Handicapping Your Elite MBA Odds

HBS Guru Sandy Kreisberg & P&Q Editor John A. Byrne

After a three-year stint at Bain & Co., this 25-year-old Indian male professional is leading he launch of a drink at a beverage startup. With a 730 GMAT and a short-term goal to return to Bain as a manager, he now wants to return to school for an MBA.

When she applies next year to business school, this Oxford graduate will have three years of experience as an equity research analyst for a bulge bracket American bank in London. She won a promotion to associate a year early, is actively involved with a choir and a local taekwondo club. Her goal: To earn an MBA from Harvard, Stanford or Wharton.

After earning an undergraduate degree in cello performance, this young professional gained his first job in the Atlanta mailroom of a Big Four accounting firm and worked his way into a consulting gig with its healthcare practice. Now he wants some formal business training along with a deeper healthcare dive in a dual MBA and master’s in public health program.

What these three MBA candidates and more share in common is the desire to get through the door of a highly selective MBA program at one of the world’s very best business schools. Do they have a chance?

Sanford “Sandy” Kreisberg, founder of MBA admissions consulting firm HBSGuru.com, is back to analyze these and a few other profiles of actual MBA applicants who have shared their vital statistics, work backgrounds, and career goals with Poets&Quants.

As usual, Kreisberg handicaps each potential applicant’s odds of getting into a top-ranked business school. If you include your own stats and characteristics in the comments, we’ll pick a few more and have Kreisberg assess your chances in a follow-up feature to be published shortly. (Please add your age and be clear on the sequence of your jobs in relaying work experience. Make sure you let us know your current job.)
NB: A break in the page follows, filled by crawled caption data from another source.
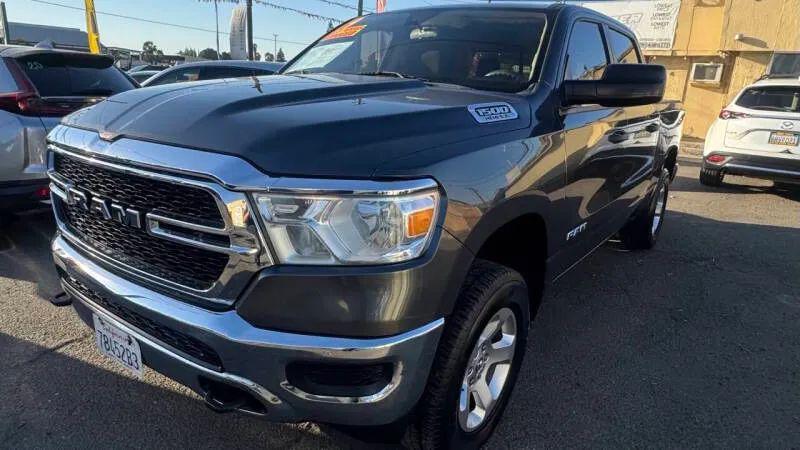 2019 Ram 1500 Tradesman Crew Cab 4x4 57 Box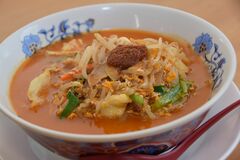 【食べた？】香り爽やか 赤い中辛麺　とうがらしラーメン　立岩屋（大田原）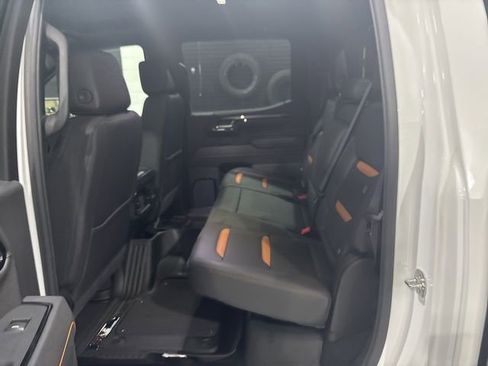Used 2025 GMC Sierra 1500 AT4 image 29
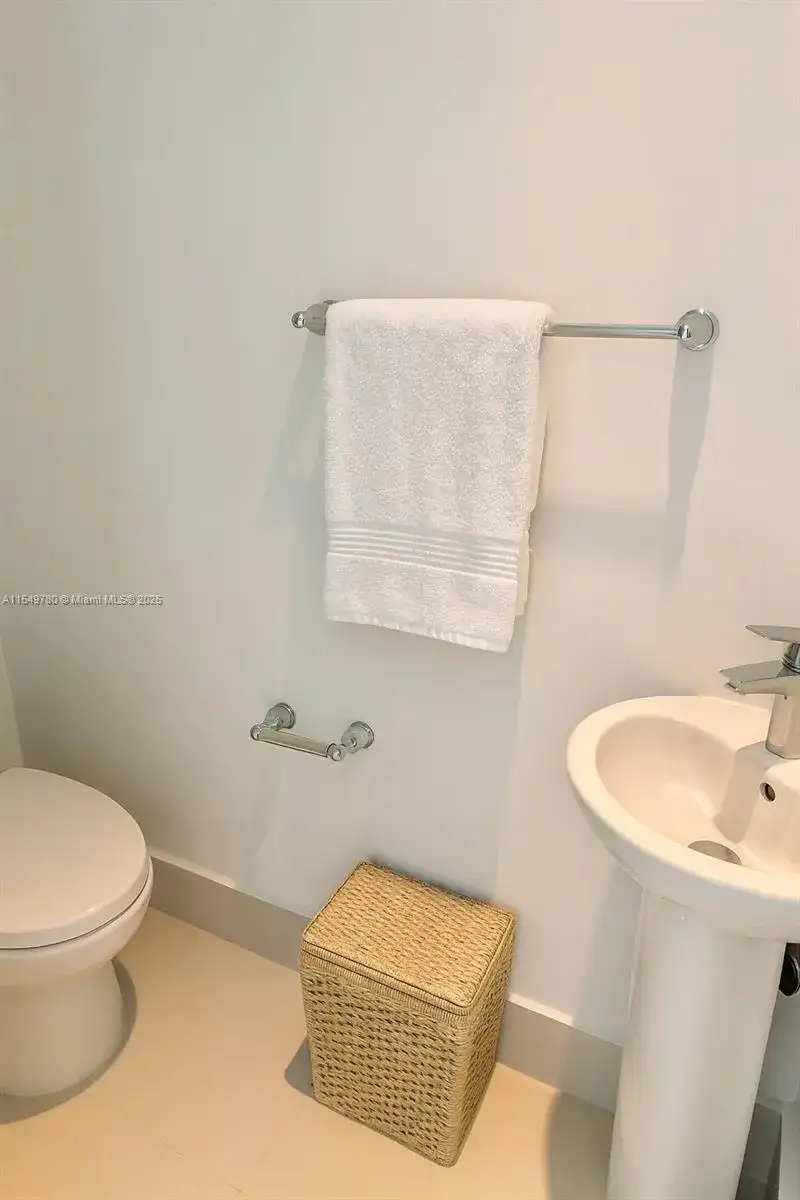 501 NE 31st St # 3004, Miami FL 33137 photo 3
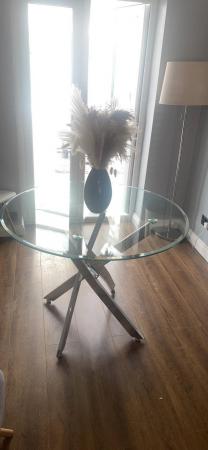 Image 3 of Stylish glass and chrome dining table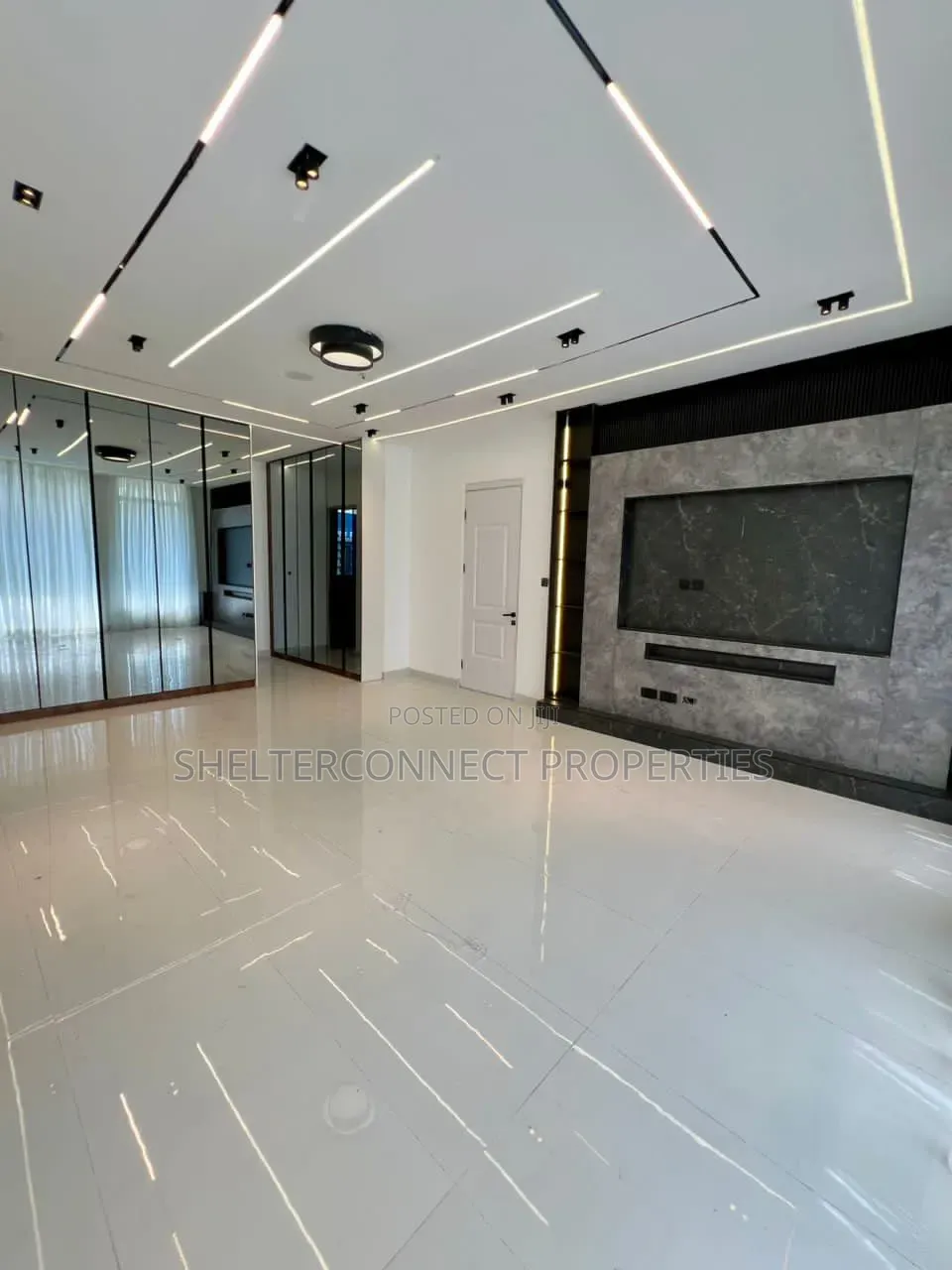 4bdrm Duplex in Chevron for sale in Chevron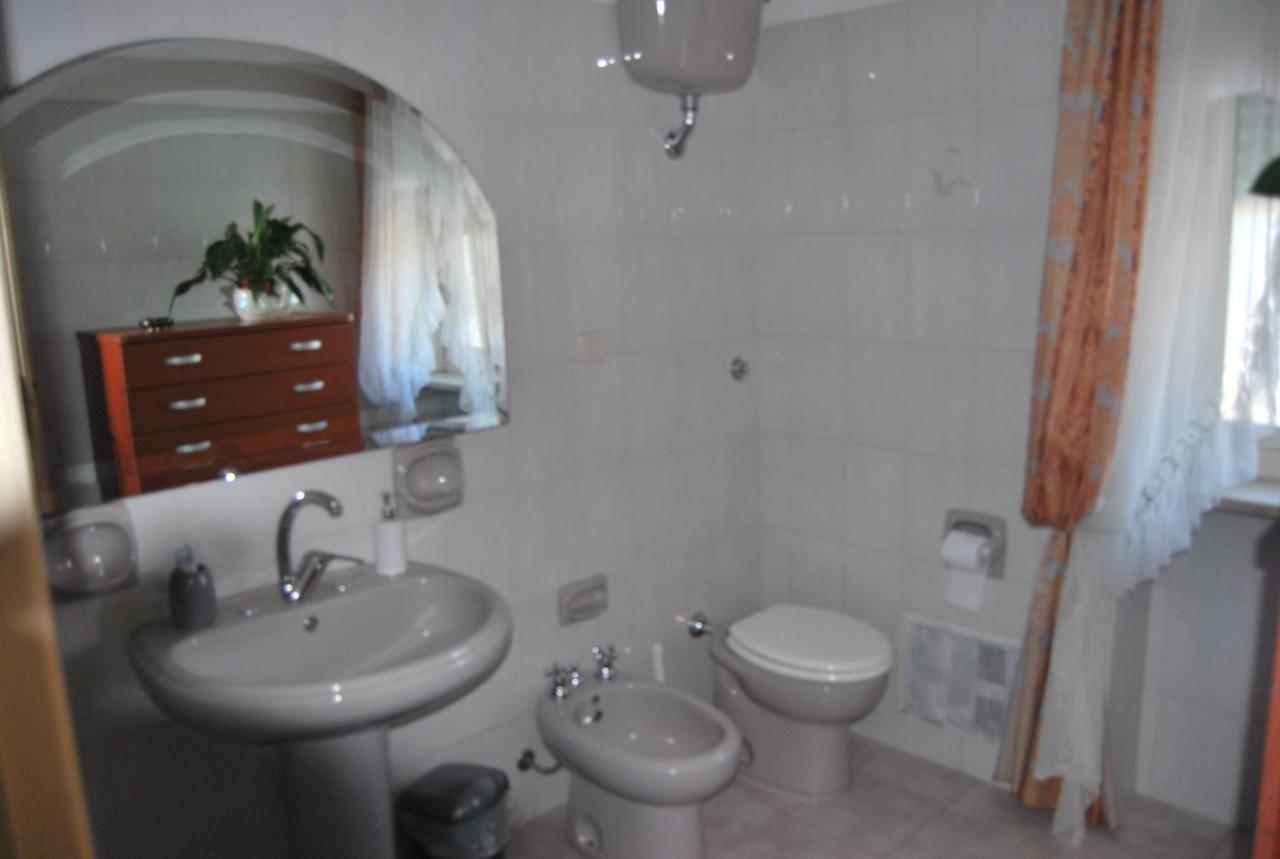A Casa Di Lidia B&B Гаэта Экстерьер фото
Mr. Cello-Playing Healthcare Consultant

  • 160Q, 163V GRE
  • 3.5 GPA
  • Undergraduate degree in cello performance from Temple
  • Work experience includes a stint as a professional cellist; worked way up from the Atlanta mailroom of a Big Four firm and transitioned into healthcare consulting at the Big Four; consulted on the Ebola and Zika virus, the opiod epidemic, healthcare provider preparedness
  • Extracurricular involvement includes playing cello in college for the symphony and doing pro bono work in healthcare
  • Goal: To return to Big Four in the healthcare practice in a managerial role
  • Considering a dual degree with a master’s in healthcare or public health along with an MBA

Odds of Success:

Yale: 30% to 40%
Cornell: 40%
University of Washington: 50%
Emory: 50%

Sandy’s Analysis: From a hard headed admissions point of view, you are a real Big Four healthcare consultant. And you’re a likeable guy. You have a story with a life-changing breakthrough, moving out of the mailroom and into a consulting job. You get promoted and are one of the top performers at the firm.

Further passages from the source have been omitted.